Brown paper package tied up with string at south German flea market

Brown paper package tied up with string at south German flea market

Any group of men of German descent (S 9) crowded round a stall that isn’t filled with old records are quite possibly grovelling through the sometimes half-heartedly hidden ‘memorabilia’.

England on a south German flea market stand

England on a south German flea market stand

There are many Germans of Turkish descent (S 10) and they have zero interest in records or memorabilia. They zoom in on any box of jewellery, the more entangled, unsorted and unloved the better. They will carefully examine every necklace, bracelet, locket and earring for a chance find of gold or silver. Their thoroughness and persistence indicate that they must meet with success from time to time.

Across the border France has its own collecting stereotypes. The keen-eyed Frenchmen (S 11) are obsessed, until precisely 12.00, lunchtime, with the details and nuances of champagne cork tops, pin badges and postcards. The obsession is usually long over for the day by the time lunch is finished at 4 ish.

Another sunny Farfouille de Leyment near Lyon

High noon at another sunny Farfouille de Leyment near Lyon

Mulhouse has many French of North African descent. The men have their special interest, power. They collect electrical devices, cables, transformers, connectors, phone chargers, mobiles, in fact any electrical device is fair game for this stereotype (S 12). The long dressed and scarfed women (S 13) have their own speciality, pots and pans. A particular danger of these markets is the risk of being impaled by pan handles that stick out at knee height from their over-filled tartan coloured two-wheeled shopping trolleys.

Men's stuff at a French flea market

Men’s stuff at a French flea market

But it can be the Manx collecting stereotype (S 1) that is the most afflicted.

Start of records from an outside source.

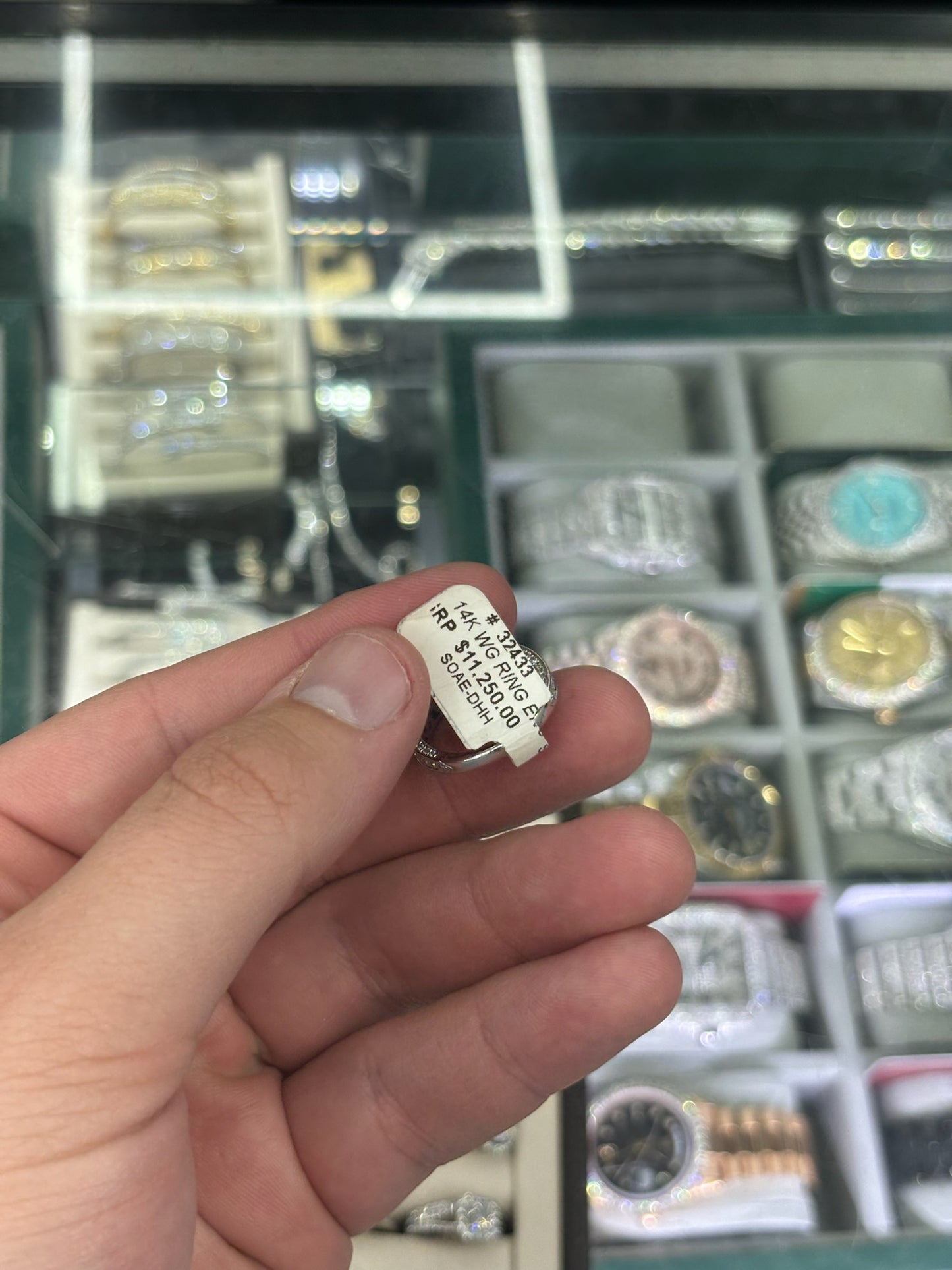 2.00 Carat Diamond Ring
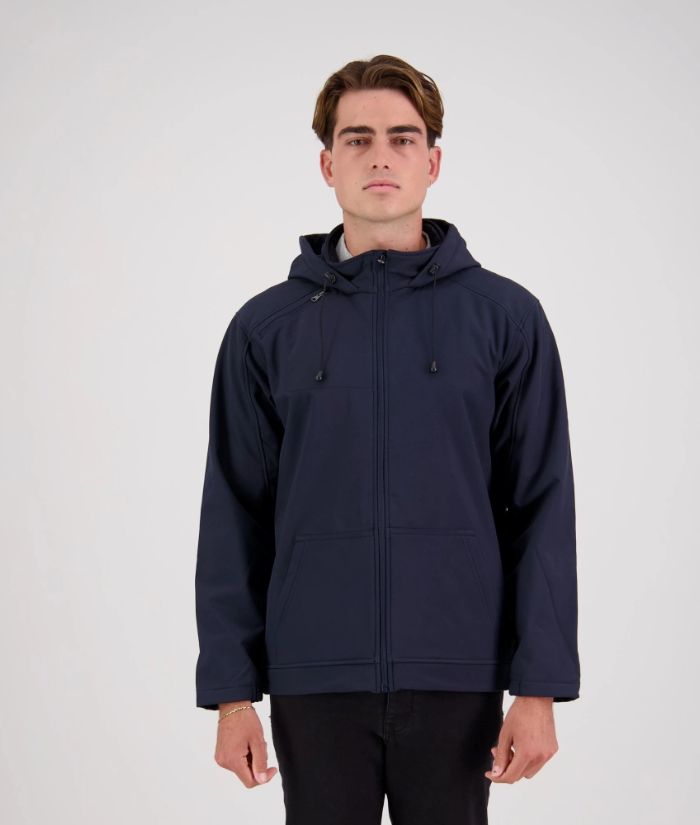 Tutoko Softshell Hoodie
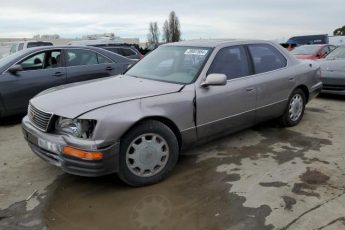 JT8UF22E0S0018259 | 1995 Lexus ls 400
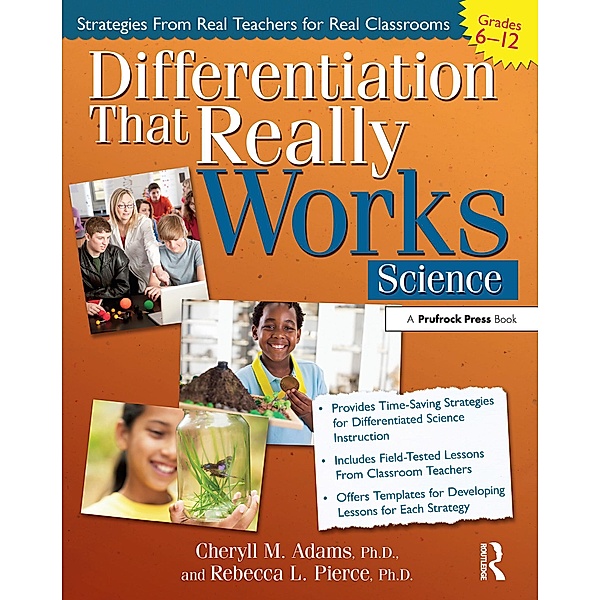 Differentiation That Really Works, Cheryll M. Adams, Rebecca L. Pierce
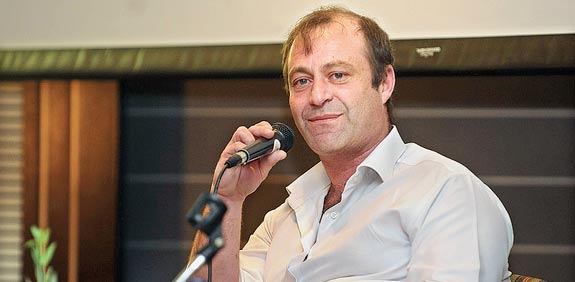 ירון ביבי / צלם: אוריה תדמור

When I asked a Manx farmer why he had collected so much old machinery in his farmyard he replied that he kept everything for twenty years and if it had not come in useful by then he kept if for another twenty.

Being a foreigner wherever I go means that I find an easy familiarity with those stereotypes whose roots are not deep in the land where they have made their home, but I have given up trying to explain to those I meet where exactly in our world the ‘little rocky Isle of Man’ is, the only rock on which I am not a foreigner.